By Steve Payne
This article was originally posted on Today in Alternate History (twitter)and the original article can be found there. Please check that blog for more like this.
After the end of the American War of Independence, one of the big winners was Spain. They had regained East and West Florida from the British, maintained controlled over Louisiana which they had bought from France and through New Spain owned much of the modern South West USA including California and Texas. On paper, Spain was the dominant force in North America, owning the vast majority of modern USA as well as all of Mexico, most of Central America, the Dominican Republic and Cuba. In reality however Spanish control was largely nominal in a lot of their territory, with only a thin layer of government control and a lot of the land unexploited with native peoples largely actually governing the area. Louisiana meant in reality New Orleans and even that tried to rebel and rejoin France. And the Floridas were a land mostly populated by Native Americans, criminals, escaped slaves and political exiles and the land became a lawless anarchy.
Without the Napoleonic Wars it is possible for Spain to recover but the Peninsular War with the French ended any hope of that. For long centuries the two Catholic powers had fought each other and occasionally allied together against Protestant adversaries. But this confrontation was very different, one of the many costs of the Napoleonic Wars was to end both country's aspirations in the Western Hemisphere. Louisiana was reclaimed by France and then, after the Haitian Revolution ended Napoleon's ambitions in the Western Hemisphere, sold to the USA. And that neglect would lead to the Mexican War of Independence beginning in 1810. By 1814, the once-mighty Spanish Empire was exhausted and broken and the vultures were circling.

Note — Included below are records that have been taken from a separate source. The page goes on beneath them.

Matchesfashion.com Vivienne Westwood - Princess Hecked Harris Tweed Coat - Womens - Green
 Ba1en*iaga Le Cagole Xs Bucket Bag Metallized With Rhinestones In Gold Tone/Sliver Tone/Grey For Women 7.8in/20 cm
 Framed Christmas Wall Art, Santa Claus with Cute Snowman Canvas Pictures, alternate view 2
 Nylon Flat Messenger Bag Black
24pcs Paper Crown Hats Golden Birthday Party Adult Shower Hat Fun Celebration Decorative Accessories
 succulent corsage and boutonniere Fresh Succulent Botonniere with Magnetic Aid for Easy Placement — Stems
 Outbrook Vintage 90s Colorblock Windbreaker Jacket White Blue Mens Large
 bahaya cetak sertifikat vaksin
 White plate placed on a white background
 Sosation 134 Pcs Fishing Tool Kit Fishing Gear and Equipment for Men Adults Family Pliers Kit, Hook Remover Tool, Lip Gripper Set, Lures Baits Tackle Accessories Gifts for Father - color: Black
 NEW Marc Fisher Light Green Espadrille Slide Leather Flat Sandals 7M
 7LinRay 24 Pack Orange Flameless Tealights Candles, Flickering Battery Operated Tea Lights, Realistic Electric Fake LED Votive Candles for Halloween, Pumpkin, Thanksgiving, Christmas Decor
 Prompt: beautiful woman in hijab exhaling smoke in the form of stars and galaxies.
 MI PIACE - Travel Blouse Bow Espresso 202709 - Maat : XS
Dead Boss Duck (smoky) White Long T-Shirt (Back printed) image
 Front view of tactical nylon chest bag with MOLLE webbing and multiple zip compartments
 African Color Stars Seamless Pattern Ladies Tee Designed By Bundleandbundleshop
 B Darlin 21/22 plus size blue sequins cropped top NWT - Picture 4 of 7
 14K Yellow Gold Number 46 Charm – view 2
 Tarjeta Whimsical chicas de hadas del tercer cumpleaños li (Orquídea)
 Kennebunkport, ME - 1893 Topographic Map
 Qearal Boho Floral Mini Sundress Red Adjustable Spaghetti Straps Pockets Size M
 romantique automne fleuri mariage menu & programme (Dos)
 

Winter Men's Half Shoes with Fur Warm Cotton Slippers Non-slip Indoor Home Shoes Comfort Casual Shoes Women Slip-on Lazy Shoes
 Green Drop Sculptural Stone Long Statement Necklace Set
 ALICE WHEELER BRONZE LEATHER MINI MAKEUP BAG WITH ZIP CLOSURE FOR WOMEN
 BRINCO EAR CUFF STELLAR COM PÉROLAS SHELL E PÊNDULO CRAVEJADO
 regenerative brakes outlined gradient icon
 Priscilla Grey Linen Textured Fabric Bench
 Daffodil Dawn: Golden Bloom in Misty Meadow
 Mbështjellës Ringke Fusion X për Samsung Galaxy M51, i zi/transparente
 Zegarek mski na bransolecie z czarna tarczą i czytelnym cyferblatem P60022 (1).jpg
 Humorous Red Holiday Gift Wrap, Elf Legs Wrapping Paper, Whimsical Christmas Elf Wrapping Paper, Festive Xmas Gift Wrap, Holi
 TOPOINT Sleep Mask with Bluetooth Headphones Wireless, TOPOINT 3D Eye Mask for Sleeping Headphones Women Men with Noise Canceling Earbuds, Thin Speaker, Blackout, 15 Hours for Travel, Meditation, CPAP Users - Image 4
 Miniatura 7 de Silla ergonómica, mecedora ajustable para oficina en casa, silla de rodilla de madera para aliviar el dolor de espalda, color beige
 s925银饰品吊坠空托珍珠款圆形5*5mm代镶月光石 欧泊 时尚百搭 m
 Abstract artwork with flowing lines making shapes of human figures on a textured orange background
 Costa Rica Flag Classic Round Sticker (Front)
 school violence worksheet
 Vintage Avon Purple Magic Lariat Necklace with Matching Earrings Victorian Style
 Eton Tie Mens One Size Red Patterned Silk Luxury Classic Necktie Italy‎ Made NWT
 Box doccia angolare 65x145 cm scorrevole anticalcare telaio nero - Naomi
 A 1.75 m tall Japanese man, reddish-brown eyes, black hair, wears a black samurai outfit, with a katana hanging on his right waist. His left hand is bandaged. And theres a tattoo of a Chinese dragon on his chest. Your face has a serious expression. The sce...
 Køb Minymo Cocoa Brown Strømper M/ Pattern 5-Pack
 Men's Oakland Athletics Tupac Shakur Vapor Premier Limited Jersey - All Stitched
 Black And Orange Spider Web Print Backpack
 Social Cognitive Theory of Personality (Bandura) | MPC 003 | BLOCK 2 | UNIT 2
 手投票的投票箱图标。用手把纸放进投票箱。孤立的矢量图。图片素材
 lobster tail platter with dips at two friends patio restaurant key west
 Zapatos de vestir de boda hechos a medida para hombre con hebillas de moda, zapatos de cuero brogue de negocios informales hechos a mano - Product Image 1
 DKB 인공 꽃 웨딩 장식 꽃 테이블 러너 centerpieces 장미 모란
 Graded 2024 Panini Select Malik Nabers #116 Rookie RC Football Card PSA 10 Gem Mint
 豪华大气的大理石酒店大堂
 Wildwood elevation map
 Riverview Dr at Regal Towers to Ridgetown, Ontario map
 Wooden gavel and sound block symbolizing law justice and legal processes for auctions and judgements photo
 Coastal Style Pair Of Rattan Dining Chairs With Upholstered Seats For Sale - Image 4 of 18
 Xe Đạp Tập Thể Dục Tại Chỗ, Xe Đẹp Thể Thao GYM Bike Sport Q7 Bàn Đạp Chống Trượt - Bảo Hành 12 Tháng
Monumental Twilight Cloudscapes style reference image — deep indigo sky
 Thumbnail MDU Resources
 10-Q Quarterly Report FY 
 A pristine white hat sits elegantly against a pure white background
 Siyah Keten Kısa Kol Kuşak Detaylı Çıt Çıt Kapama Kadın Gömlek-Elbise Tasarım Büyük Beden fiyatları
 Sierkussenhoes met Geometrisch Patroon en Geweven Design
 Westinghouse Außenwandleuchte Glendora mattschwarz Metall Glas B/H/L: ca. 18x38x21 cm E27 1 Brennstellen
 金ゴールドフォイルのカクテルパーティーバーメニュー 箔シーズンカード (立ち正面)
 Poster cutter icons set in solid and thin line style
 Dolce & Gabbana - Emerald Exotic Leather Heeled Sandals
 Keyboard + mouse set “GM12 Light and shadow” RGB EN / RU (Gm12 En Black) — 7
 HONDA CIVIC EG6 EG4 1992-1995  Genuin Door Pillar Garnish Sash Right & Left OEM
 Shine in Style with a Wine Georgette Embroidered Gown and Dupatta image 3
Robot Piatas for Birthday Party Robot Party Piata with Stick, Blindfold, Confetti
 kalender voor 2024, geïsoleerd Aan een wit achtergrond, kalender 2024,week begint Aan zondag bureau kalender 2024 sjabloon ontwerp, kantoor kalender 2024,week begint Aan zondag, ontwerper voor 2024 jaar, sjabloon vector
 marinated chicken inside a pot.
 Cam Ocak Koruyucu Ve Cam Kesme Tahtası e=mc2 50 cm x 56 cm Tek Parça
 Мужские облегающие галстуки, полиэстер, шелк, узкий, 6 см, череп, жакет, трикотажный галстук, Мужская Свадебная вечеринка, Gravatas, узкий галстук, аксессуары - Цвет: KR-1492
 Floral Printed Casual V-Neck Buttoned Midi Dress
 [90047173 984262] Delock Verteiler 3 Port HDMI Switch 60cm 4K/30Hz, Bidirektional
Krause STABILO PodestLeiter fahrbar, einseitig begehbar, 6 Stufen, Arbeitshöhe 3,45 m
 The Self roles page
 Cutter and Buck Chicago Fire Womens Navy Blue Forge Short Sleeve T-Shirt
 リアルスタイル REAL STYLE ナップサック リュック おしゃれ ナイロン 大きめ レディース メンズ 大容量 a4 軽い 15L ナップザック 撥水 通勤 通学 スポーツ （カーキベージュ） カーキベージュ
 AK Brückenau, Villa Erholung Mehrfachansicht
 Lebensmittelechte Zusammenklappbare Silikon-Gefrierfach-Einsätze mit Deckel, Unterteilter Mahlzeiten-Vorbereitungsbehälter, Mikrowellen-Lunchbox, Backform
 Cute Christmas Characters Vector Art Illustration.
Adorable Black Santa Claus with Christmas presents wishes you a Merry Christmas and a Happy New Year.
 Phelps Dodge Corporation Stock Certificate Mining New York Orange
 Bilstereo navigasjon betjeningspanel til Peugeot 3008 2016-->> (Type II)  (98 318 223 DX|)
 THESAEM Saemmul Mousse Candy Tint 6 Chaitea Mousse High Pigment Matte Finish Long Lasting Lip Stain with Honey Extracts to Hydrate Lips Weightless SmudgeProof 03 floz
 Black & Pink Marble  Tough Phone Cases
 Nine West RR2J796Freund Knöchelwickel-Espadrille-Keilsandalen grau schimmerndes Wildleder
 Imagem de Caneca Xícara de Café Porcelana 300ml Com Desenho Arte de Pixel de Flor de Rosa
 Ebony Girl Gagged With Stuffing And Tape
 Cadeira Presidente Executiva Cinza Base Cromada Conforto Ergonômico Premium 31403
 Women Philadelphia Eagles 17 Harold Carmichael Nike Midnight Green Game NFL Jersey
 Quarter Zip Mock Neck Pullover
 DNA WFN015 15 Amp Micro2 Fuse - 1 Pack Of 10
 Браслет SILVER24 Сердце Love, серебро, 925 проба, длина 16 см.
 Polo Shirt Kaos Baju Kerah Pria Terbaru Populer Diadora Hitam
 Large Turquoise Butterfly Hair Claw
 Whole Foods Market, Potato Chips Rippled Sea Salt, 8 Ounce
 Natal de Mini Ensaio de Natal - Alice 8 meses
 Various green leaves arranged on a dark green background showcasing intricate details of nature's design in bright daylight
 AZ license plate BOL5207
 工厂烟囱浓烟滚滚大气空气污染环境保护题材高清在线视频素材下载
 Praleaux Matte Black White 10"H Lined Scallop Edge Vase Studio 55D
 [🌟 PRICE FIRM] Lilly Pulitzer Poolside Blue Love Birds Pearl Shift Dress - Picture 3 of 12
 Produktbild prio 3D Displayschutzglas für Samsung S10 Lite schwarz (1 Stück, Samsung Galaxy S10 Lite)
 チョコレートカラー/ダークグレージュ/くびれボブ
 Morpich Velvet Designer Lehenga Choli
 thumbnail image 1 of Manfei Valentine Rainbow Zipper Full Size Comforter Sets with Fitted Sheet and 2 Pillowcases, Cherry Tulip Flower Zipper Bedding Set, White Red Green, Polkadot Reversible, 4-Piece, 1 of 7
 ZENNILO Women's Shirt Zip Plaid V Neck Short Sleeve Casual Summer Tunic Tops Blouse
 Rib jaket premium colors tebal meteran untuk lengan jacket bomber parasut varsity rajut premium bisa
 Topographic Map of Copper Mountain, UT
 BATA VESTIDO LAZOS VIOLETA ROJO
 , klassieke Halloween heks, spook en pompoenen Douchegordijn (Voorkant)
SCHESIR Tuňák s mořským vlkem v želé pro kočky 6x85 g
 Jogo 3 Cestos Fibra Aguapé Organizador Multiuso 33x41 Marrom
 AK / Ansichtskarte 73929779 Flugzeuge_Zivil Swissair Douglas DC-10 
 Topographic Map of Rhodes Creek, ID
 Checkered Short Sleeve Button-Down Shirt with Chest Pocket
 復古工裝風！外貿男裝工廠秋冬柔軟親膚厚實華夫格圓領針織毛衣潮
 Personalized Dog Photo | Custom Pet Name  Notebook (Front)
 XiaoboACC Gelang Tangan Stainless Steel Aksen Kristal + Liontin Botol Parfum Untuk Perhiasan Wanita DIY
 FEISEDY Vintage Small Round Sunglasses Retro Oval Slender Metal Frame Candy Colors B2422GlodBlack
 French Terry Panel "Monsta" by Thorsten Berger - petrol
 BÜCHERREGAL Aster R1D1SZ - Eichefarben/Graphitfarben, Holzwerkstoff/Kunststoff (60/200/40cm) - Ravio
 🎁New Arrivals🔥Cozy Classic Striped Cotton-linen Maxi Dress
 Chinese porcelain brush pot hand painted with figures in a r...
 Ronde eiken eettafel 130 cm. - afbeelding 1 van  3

West Florida was lost to an American backed rebellion in 1810, creating the unrecognised Republic of West Florida which was annexed to the USA in 1812, the Spanish supporting population of the Tangipahoa and Tchefuncte River regions were crushed by the Louisianian Milita and forced to flee into East Florida. In 1812 the USA attempted the same trick in East Florida but were forced to withdraw in disgrace lest they start a war with Spain while fighting the British at the same time.
That war, the War of 1812, was started due to annoyance over continued British interference in their affairs, in particular the press ganging of Americans into the Royal Navy. The aspiration of the nascent United States was to create a distinctly separate sphere of influence, considering intervention in the political affairs of the Americas by foreign powers a potentially hostile act. Despite the distraction of British leadership in the Peninsular War, Washington would be frustrated in achieving this objective, suffering the ultimate national indignity of having their Executive Mansion utterly destroyed by Redcoats. But neither side could win, and the War of 1812 was fought to a negotiated conclusion.
Unable to capture British Canada, Washington set its sights to the south. This brought the hero of the Battle of New Orleans Andrew Jackson to Florida, where the USA annexed the Republic of West Florida and where the US army fought a one-sided struggle that exposed the utter weakness of the Spanish military situation as British backed natives and escaped Slaves would lead the fighting against the US rather than the Spanish there, something that continued after the British had made a peace with the USA in 1815. From 1816 to 1819, Jackson and his army would attack these natives and ex slaves despite the fact that they were in nominally Spanish territory, destroying 'Negro Fort' in 1816 and fighting the first Seminole War from 1817 onward.
With both the USA proving Spanish weakness in the region and an increasing number of rebellions starting elsewhere in the Spanish Empire, the politicians in Madrid accepted the need to disengage, withdrawing from their smaller and less populated colonies to both hold onto to their larger ones and to rebuild their shattered home country.
Secretary of State John Quincy Adams led negotiations with the Spanish minister plenipotentiary Luis de Onís y González-Vara on behalf of President James Monroe and King Ferdinand VII. With France crushed, and Great Britain's aggression still in recent memory, the United States welcomed a new partner, offering favourable commercial terms that would bring long-term economic benefits to Spain. In exchange, in 1819 the Adams-Onís Treaty was signed wherein the the United States gained Florida and a border between the USA and the rebelling New Mexico was agreed.
But what if that treaty went a bit further and the USA also purchased Cuba and Puerto Rico too? The below scenario is one take on a weaker Spanish position meaning they gave up more land.
The Adams-Onís Treaty would have unpredicted consequences for the United States. Florida gained Statehood in 1845, but due to their ethnic diversity, Cuba and Puerto Rico remained American overseas territories. The prospect of making vast profits from tobacco and sugar encouraged southerners to purchase plantations in Cuba. Under the brilliant leadership of Colonel Ambrosio José Gonzales, it would be these southerner's heirs that seized power of the island in 1861 and declared a Confederate State of Cuba, opening up another front of the American Civil War.